_Exercise brief_
Report how many lines of the listing contain the string "sale", with no other words.

───

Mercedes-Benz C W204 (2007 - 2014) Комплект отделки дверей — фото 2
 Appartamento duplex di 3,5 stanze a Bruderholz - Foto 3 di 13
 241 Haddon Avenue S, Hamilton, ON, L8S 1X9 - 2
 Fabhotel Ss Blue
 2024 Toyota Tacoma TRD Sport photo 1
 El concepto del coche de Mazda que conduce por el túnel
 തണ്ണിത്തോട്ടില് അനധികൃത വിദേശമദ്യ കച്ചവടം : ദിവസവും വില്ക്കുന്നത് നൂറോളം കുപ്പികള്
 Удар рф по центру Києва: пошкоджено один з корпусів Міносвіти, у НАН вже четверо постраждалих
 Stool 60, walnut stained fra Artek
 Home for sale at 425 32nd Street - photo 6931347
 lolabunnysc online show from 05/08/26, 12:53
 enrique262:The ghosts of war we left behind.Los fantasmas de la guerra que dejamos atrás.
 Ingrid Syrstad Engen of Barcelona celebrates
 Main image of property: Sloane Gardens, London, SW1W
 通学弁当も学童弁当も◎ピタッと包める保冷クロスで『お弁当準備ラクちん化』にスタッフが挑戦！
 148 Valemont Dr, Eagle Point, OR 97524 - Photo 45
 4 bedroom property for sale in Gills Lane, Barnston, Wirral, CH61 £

───

_Answer section_
2